In the forties in particular, Kahlo’s paintings were full of plants, some more allegorical than others, and still lifes of the tropical fruits she found in abundance at markets in Mexico City. As Kahlo struggled with chronic illness and disability later in her life, she spent more and more time at home—and turned her artistic gaze inward as well. “As she’s experiencing more containment and enclosure at home, she’s drawing inspiration from things that really signify her love of Mexican culture and her love of color,” Zavala explains. 

The first animal monument to greet visitors to the botanical garden is a Xoloitzcuintli fashioned as a pre-Columbian clay figure. The dog is rooted in pre-Columbian culture and mythology, which held that it was the shepherd to the underworld. Some of the other animal monuments include a hummingbird in the style of Purépecha ceramics and a deer in the style of petatillo clay pottery. 

A young girl touches a replica of Diego Rivera’s pre-Columbian artifacts at the San Antonio Botanical Garden on May 7, 2021.
A young girl touches a replica of one of Diego Rivera’s pre-Columbian artifacts at the San Antonio Botanical Garden.Photograph by Joel Salcido

Throughout the coming months, the botanical garden will host events and programs to pair with the exhibit, including a kite-making workshop for kids, tequila tastings and date nights for adults, art history lectures, educational tours, and cooking classes. Kahlo’s grand-niece and her daughter will share family recipes in a September cooking class featuring Kahlo’s favorite food staples: corn and squash. 

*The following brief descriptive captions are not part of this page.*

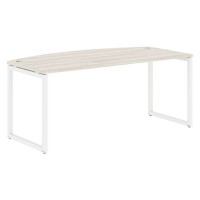Xten-Q XQET 189 (Сосна эдмонт/Белый) Стол руководителя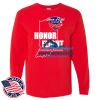 Honor Flight - USA-Made Long Sleeve T-Shirt Thumbnail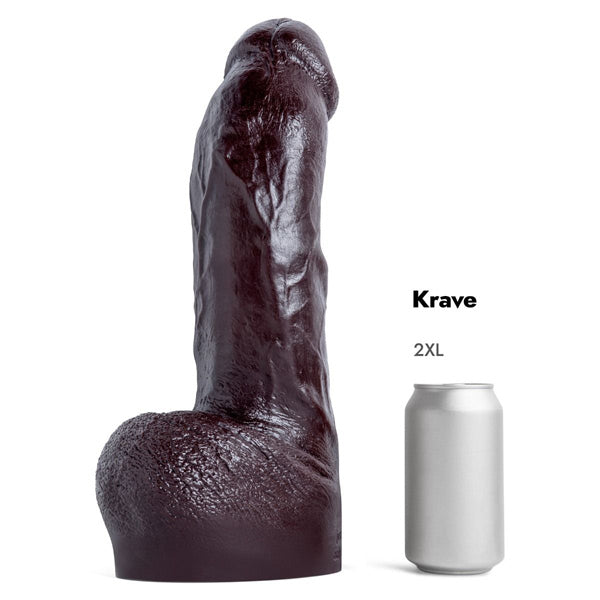 krave 2xl soft deep brown vac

As Zavala studied Kahlo’s relationship with the natural world, she was struck by the extent to which duality inflected her life. An avid reader of philosophy, Kahlo knew that Mesoamerican people “tended to believe in both the attraction of opposites and the interdependence of opposites: the sun and the moon, life and death, the underworld and the heavens.” While Kahlo’s health continued to decline, she kept creating beautiful, vibrant works of art—an array of still lifes of provocatively arranged tropical fruits. In Still Life With Parrot and Flag, a halved sapote is the focal point surrounded by mangos, guavas, prickly pears, an open cantaloupe, a ripe cherimoya full of seeds, and one banana. She was likely thinking about both the beauty and the fleeting nature of existence. 

“I think that surrounding herself with the natural world was both because she had an acute sense of her own mortality,” Zavala says,“but it was also a way of understanding that that’s the cycle of life.”